Concept Gradient: Concept-based Interpretation Without Linear Assumption
Andrew Bai, Chih-Kuan Yeh, Pradeep Ravikumar, Neil Y. C. Lin, Cho-Jui Hsieh
TL;DR
Concept Gradient (CG) extends concept-based interpretation beyond the linear assumption of Concept Activation Vector (CAV) by deriving a gradient-based sensitivity of the model output to concept functions $g: \mathbb{R}^d \to \mathbb{R}^m$ via $R_{\text{CG}}(x; f, g) = \nabla g(x)^{\dagger} \nabla f(x)$. CG unifies and generalizes CAV and GC by explicitly chaining gradients through the shared input space, recovering the derivative $h'(c)$ when a local inverse exists, and reducing to CAV in the linear case. Empirically, CG outperforms CAV on fine-grained image datasets (CUB, AwA2) in both local and global concept attribution and yields qualitatively coherent explanations across semantic levels, including a medical case study on mortality risk that aligns with literature. The work also provides practical guidance for implementing CG, including concept model training via finetuning, layer selection strategies, and normalization considerations, while acknowledging limitations related to differentiability and the need for representative concept data. Overall, CG offers a principled, non-linear, gradient-based framework for post-hoc concept explanations with demonstrated benefits for trust, debugging, and domain-specific decision support.
Abstract
Concept-based interpretations of black-box models are often more intuitive for humans to understand. The most widely adopted approach for concept-based interpretation is Concept Activation Vector (CAV). CAV relies on learning a linear relation between some latent representation of a given model and concepts.

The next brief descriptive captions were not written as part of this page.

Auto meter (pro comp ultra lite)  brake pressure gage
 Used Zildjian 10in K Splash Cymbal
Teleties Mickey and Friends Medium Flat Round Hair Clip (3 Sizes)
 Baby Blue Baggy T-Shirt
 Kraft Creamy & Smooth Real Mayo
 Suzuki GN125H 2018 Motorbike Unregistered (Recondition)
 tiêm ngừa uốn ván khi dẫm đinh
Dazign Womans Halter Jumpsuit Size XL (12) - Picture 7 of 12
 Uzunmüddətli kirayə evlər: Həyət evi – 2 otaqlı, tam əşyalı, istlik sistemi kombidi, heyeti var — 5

The linear separability is usually implicitly assumed but does not hold true in general. In this work, we started from the original intent of concept-based interpretation and proposed Concept Gradient (CG), extending concept-based interpretation beyond linear concept functions. We showed that for a general (potentially non-linear) concept, we can mathematically evaluate how a small change of concept affecting the model's prediction, which leads to an extension of gradient-based interpretation to the concept space. We demonstrated empirically that CG outperforms CAV in both toy examples and real world datasets.